Okay. So no change to lower the allocation to alternatives is what I hear, Christine. Is that fair?
That's fair. I mean, I would say when you think of the context of the overall portfolio, I would almost put us generally in terms of having dry powder overall. In terms of where we could deploy. And this is a good thing. As an investor, you love going into cycles with a really clean balance sheet as an investor in portfolio opportunities.
And then just my follow-up. I know you were asked about commercial mortgage loans before, but that's kind of a tiny percent of your portfolio. The much larger exposure to CRE is on CMBS. And the one thing that, I guess, stands out a little bit for Voya is you have more BBB, and I look at where spreads have gone in BBB and they've blown out pretty wide. Just curious what your outlook is there. Is that something we should be watching for? Do you have any expectation of losses on that portfolio? Any help or perspective on that would be appreciated.

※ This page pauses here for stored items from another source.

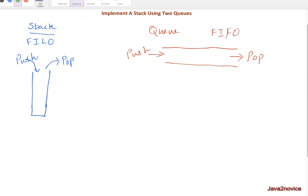In this session we will implement a stack using two queues. A stack is first-in-last-out, meaning any element you push first will be the last element taken out. On the other hand, a queue is first-in-first-out, meaning any element pushed first will be the first element popped out. Given these different behaviors, how can we implement a stack using queues?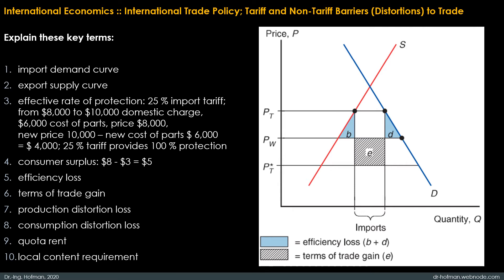To determine the world price and the quantity traded, we first define the import demand curve. Then, second, the export supply curve, which are derived from the underlying domestic supply and domestic demand curves. Home import demand is the excess of what home consumers demand over what home producers supply. Foreign export supply is the excess of what foreign producers supply over what foreign consumers demand.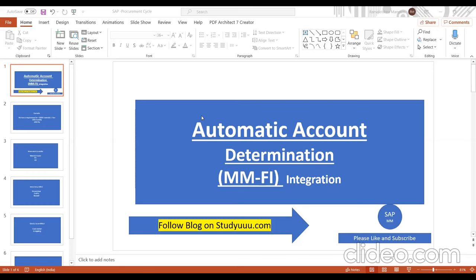To set up automatic account determination, we need to do some configuration in SAP. Both the MM consultant and FI consultant will be involved. The FI consultant provides the GL accounts, and you need to link all the GL accounts to the appropriate account types. Before going further, we'll discuss a few concepts required to understand automatic account determination.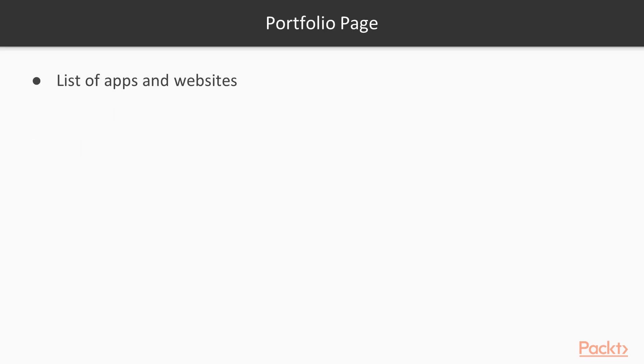The portfolio page will contain a list of apps and websites. We will have filtering for that list, and it will be showcased with the Bootstrap Grid system.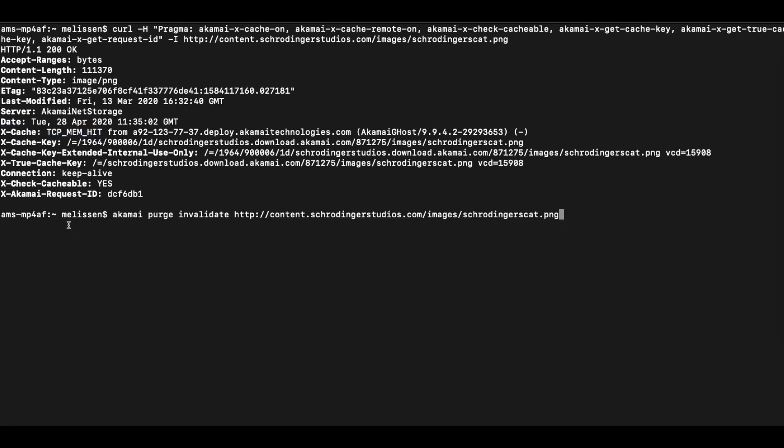By running the command Akamai purge invalidate with the right URL, we can send in the purge request. Of course, you will need to ensure that your API request has actually proper write permissions to purge. Let's run the purge request and as you can see here, it took roughly five seconds to complete.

Yes, certainly. So you've got a couple of really good questions embedded in there. So let me start off with the CMBS portfolio. So when you take a look at it, we've got on Slide 33 in the presentation. some detail for you. So you can see what we really -- we have, and you can see very strong investment quality. Now when you think about BBB as a company, and what are our concerns there? I would say the BBB exposure that we have is predominantly in our credit portfolio, and it's very intentional, and it's -- there's a real tilt to private credit in BBBs. And when you think about BBBs, overall, our BBB exposure, only 1/4 of that would be towards BBB-.
So think higher quality BBB. Why is this not concerning us when we're looking at our downgrade risk and capital management, we love BBB private credit because you're going to get debt service coverage ratios, all kinds of covenant protection I would tell you with our history, we've had better credit performance when the world gets dark on BBBs due to that covenant protection than A quality corporates because you want to be their first right? When the world gets dark and negotiate and you have a lot of way home.

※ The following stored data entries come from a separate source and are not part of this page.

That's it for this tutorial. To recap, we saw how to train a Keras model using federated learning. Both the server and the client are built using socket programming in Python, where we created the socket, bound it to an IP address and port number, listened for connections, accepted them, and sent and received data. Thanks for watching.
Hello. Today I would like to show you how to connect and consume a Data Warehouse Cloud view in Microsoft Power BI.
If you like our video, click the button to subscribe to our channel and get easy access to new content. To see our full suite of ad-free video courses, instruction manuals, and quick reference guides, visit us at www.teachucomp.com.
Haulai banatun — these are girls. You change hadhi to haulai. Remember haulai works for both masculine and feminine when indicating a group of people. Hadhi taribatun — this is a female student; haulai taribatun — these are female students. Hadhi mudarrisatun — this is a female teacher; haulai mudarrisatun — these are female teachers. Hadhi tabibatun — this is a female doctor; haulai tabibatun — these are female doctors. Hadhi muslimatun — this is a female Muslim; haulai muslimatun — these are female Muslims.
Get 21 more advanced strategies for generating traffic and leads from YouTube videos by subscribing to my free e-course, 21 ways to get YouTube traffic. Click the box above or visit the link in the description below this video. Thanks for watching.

So overall, when we think about that, we're very confident with our overall level of risk. And within our CMBS portfolio specifically, when you look at that, A lot of that is actually agency backed, and we broke that out for you. So again, we view the portfolio overall as high quality. Certainly, you can have some idiosyncratic things that go bump in the night whether it's in that portfolio or generally. But overall, we're very confident from where we stand.
This concludes our question-and-answer session. I would now like to turn the conference call back over to Heather Lavallee for any closing remarks.
Looking ahead, we will continue to execute on our strategy, integrate our acquisitions and focus on achieving our growth objectives. The focus on the needs of our customers and clients will drive our commercial momentum and our continued prudent capital management, including our plans to increase our dividend yield and resume share repurchases will also support our focus on creating further shareholder value. We look forward to updating you on our progress. Thank you, and good day.
The conference has now concluded. Thank you for attending today's presentation. You may now disconnect.